▸ WORK TASK
Start at the line holding "Unidad flash usb". Write out that line and each one after it to the end of the data, unchanged.

Crawled caption data
----------

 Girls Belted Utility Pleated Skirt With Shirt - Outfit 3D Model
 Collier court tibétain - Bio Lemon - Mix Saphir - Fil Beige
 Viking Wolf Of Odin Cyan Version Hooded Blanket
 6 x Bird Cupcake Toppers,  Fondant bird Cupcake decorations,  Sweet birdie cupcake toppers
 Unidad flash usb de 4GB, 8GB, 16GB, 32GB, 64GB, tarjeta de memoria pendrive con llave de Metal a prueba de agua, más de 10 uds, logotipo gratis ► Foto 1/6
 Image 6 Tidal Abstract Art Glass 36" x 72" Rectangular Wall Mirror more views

----------

▸ RESULT BELOW
 Unidad flash usb de 4GB, 8GB, 16GB, 32GB, 64GB, tarjeta de memoria pendrive con llave de Metal a prueba de agua, más de 10 uds, logotipo gratis ► Foto 1/6
 Image 6 Tidal Abstract Art Glass 36" x 72" Rectangular Wall Mirror more views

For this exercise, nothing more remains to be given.